Closed ekluzek closed 3 years ago

ekluzek commented 3 years ago

This comes from this comment in a previous PR...

https://github.com/ESCOMP/CTSM/pull/947#discussion_r399663433

It refers to this section of code...

        ! Note: The divide by 2 of crit_dayl is just to make sure
        ! onset doesn't happen with less than 6 hours of daylight
        else if (season_decid_temperate == 0 .and.  onset_gddflag == 1.0_r8 .and. &
                soila10 > SHR_CONST_TKFRZ .and. &
                t_a5min > SHR_CONST_TKFRZ .and. ws_flag==1.0_r8 .and. &
                dayl>(crit_dayl/2.0_r8) .and.  snow_5day<snow5d_thresh_for_onset) then

The problem is that the description for the reason for the divide by 2 is incorrect, as it allows onset to happen at 5 hours of daylight rather than 10. The description makes it sound like it makes it harder when it's actual function is to make it easier for onset to happen.

wwieder commented 3 years ago

@ekluzek can you remind me how crit_dayl is defined, is it just being read off the parameter file? If Leah's intent was to make onset happen with > 6 hours of day light, should we just hard code this in (e.g. dayl(g)>6.0_r8)?

billsacks commented 3 years ago

Feeling from ctsm-software meeting: there should be a new parameter used in this place – set to what crit_dayl/2 currently gives – so that the two can be varied independently. To do it right, the current parameter should be renamed to crit_dayl_offset.

wwieder commented 3 years ago

I think for this section of code the new parameter here would be crit_dayl_onset, so

wwieder commented 3 years ago

I'm pasting this email from @lmbirch89 for reference:

Thanks so much for continuing to work on this! My apologies for leaving this out of the Supplement; I did add this comment, I believe. It was just a quick threshold that doesn't affect much of the majority of the Arctic-Boreal. In coastal grid cells bordering the Arctic Ocean, some grasses would begin photosynthesizing at the end of January when there was virtually no light and then burn out by summer. With it being frozen and dark, there is likely a model land/sea interaction that was causing onset snow and temperature thresholds to be passed, but I couldn't untangle why. A 6hr daylight threshold fixed the problem and then photosynthesis wouldn't try to start until June, even though the 6 hour daylight threshold is passed in March. I hope this helps. Let me know if you have any other questions. Thanks, Leah

@ekluzek can we:

ekluzek commented 3 years ago

@wwieder unless we can show that the current value gives identical results to 6hours I suggest we leave it at the current value. It most likely doesn't matter if it's 5 or 6, which lends me to think since we've done tons of simulations with the current value of 5 that we should leave it alone. But, I could also run the test suite and verify that 6 gives the same results as 5.

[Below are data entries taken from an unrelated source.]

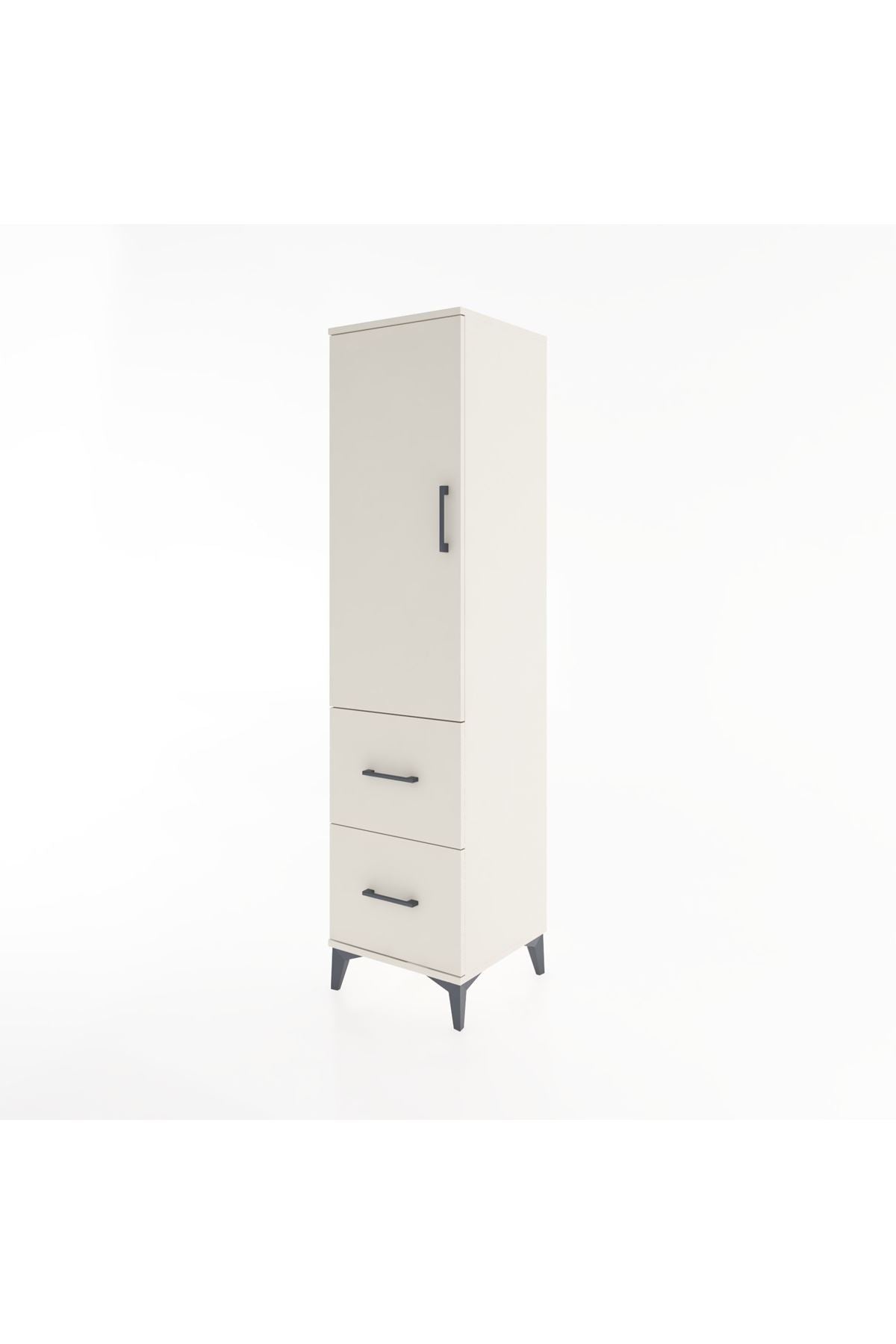 Hyperion Dolap 3 Raflı 2 Çekmeceli Tek Kapaklı 44x44x182 Aytaşı-Aytaşı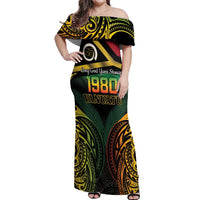 Vanuatu 1980 Off Shoulder Maxi Dress Hapi 45 Yia Indipendens Anivesari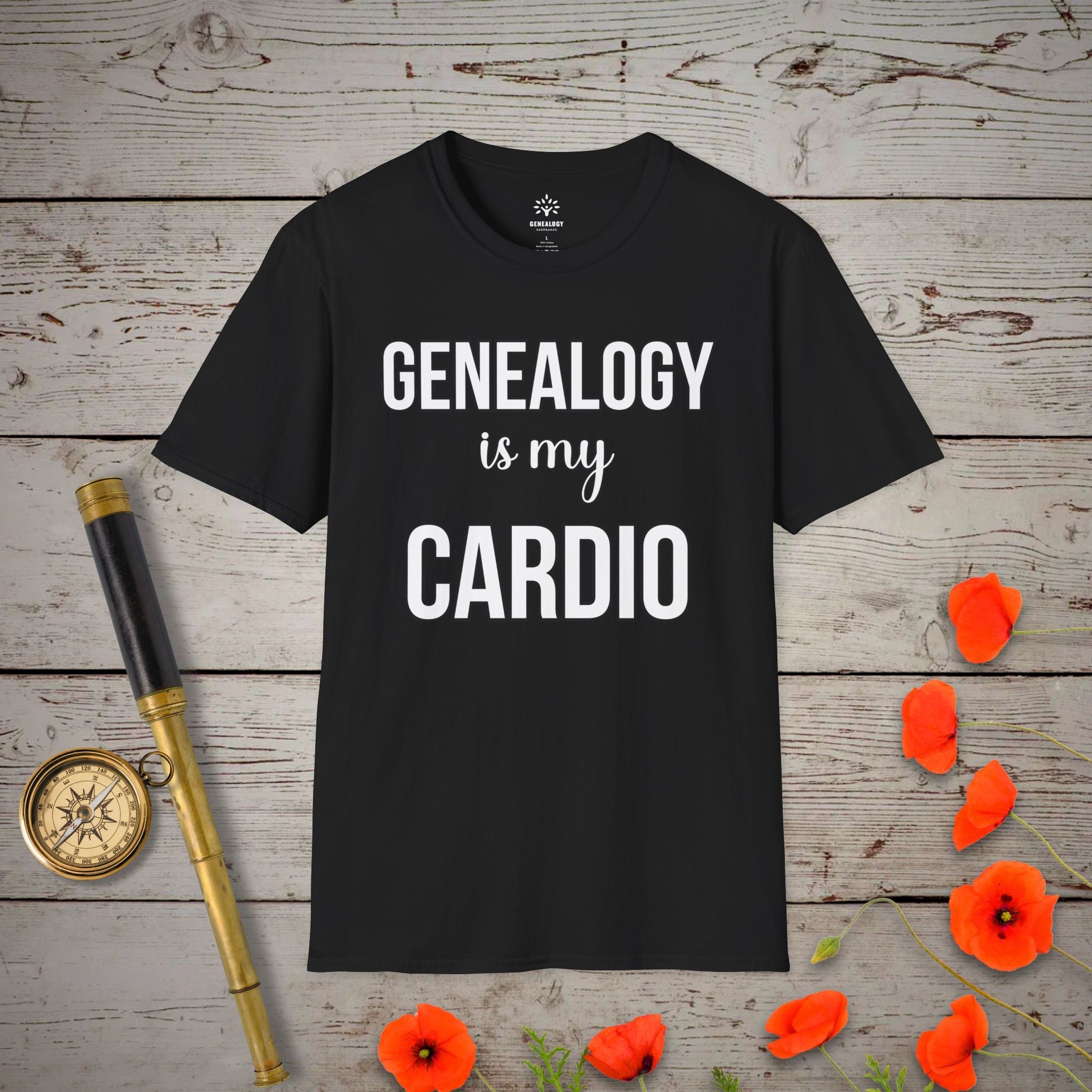 Genealogy Is My Cardio T-Shirt in Black by Genealogy Keepsakes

I think the crit_dayl_onset parameter should be hardcoded as a parameter in CNPhenologyMod.F90. I'm viewing this not as a bug anymore, but as a documentation and code clarity issue.

wwieder commented 3 years ago

I agree, it makes sense to leave crit_dayl_onset to 5 to avoid changing answers for now, but I guess I still have a few questions:

lmbirch89 commented 3 years ago

I don't think 6 hours is a hard limit that you have to hit. I should have edited the comment to reflect the real value that I settled on, so I think that would be sufficient here. Like I said, it was merely to stop some odd behavior in January/early February on the coast that doesn't make physical sense. I wouldn't expect 6 hours to have too much of an impact because before I put in this limit, it was very obvious that deciduous plants were turning on in January/February along the coasts.

ekluzek commented 3 years ago

@wwieder I included some of my reasoning in our email discussion with @lmbirch89 so I'll quote that here and also expand upon it a bit.

We were planning on making the value used here a parameter on the params file, but since it doesn't work like a regular parameter (changing it changes results immediately) I don't think we should. I think it should be a hard-coded parameter in CNPhenology and set to the current value of 5-hours that's being used. I'll also change the comment to reflect what you just said, and have you look it over to make sure it's accurate. If we put it on the paramfile it would be a parameter that normally wouldn't have any effect at all, and the only cases that it would matter would be if you gave it degenerate values that cause bad results. So that's something that should be hardcoded rather than on the paramsfile.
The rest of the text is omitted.